## [Problem requirements]
Below are the records. Retype exactly the lines between the lines holding "ゆかさんのコーディネート" and "Falstaff द्वारा एडवर्ड बर्ड", inclusive.

--- Data provided ---

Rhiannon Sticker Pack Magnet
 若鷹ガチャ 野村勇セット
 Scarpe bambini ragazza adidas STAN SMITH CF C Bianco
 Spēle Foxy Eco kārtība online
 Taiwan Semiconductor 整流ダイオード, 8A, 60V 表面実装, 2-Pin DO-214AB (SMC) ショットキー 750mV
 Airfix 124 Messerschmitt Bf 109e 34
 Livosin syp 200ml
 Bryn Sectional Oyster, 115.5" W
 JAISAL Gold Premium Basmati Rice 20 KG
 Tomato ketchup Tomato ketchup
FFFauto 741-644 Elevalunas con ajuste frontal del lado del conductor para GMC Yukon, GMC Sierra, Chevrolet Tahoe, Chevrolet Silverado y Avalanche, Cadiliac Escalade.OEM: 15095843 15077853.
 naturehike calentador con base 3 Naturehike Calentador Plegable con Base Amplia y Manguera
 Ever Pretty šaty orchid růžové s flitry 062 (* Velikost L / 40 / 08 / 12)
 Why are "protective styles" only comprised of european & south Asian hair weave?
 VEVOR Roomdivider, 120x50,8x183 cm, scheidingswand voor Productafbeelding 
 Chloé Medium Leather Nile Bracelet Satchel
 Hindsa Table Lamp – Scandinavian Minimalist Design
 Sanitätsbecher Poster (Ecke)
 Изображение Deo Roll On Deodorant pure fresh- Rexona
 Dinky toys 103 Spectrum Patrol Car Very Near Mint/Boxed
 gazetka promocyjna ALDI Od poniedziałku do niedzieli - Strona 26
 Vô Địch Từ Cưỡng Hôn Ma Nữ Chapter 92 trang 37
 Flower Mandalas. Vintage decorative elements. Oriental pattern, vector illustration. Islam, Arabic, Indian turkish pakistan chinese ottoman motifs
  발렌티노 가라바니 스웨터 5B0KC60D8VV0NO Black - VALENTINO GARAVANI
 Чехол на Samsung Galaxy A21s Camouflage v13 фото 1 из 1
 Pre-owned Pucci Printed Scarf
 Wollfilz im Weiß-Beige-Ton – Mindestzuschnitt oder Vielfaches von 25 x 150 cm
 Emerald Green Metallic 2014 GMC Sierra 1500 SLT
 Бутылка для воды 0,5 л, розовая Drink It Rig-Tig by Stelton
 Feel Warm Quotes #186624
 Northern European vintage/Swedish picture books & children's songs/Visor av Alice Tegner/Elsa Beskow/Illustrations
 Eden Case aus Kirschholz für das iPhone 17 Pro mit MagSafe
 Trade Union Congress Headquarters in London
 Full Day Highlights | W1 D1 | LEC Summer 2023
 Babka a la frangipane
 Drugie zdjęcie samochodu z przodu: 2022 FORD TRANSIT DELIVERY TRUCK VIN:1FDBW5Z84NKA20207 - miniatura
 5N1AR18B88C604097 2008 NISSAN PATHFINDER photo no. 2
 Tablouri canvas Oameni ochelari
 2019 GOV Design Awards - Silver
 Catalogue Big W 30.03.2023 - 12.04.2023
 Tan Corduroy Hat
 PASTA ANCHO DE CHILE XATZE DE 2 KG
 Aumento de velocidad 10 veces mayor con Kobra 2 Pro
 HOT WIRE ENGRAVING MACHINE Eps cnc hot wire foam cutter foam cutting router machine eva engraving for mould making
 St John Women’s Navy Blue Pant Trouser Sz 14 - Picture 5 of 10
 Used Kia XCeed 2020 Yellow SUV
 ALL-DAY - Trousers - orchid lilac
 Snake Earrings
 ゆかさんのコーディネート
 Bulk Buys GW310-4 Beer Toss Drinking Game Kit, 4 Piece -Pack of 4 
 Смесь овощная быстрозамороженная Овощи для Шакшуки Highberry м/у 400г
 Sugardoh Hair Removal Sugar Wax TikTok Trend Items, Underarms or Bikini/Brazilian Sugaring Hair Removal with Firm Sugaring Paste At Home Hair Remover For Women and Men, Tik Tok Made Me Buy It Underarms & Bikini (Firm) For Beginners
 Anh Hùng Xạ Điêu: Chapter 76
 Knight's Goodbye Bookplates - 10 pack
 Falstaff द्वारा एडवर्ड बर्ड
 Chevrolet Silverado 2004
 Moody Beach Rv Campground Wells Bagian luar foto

---

## [Task result]
 ゆかさんのコーディネート
 Bulk Buys GW310-4 Beer Toss Drinking Game Kit, 4 Piece -Pack of 4 
 Смесь овощная быстрозамороженная Овощи для Шакшуки Highberry м/у 400г
 Sugardoh Hair Removal Sugar Wax TikTok Trend Items, Underarms or Bikini/Brazilian Sugaring Hair Removal with Firm Sugaring Paste At Home Hair Remover For Women and Men, Tik Tok Made Me Buy It Underarms & Bikini (Firm) For Beginners
 Anh Hùng Xạ Điêu: Chapter 76
 Knight's Goodbye Bookplates - 10 pack
 Falstaff द्वारा एडवर्ड बर्ड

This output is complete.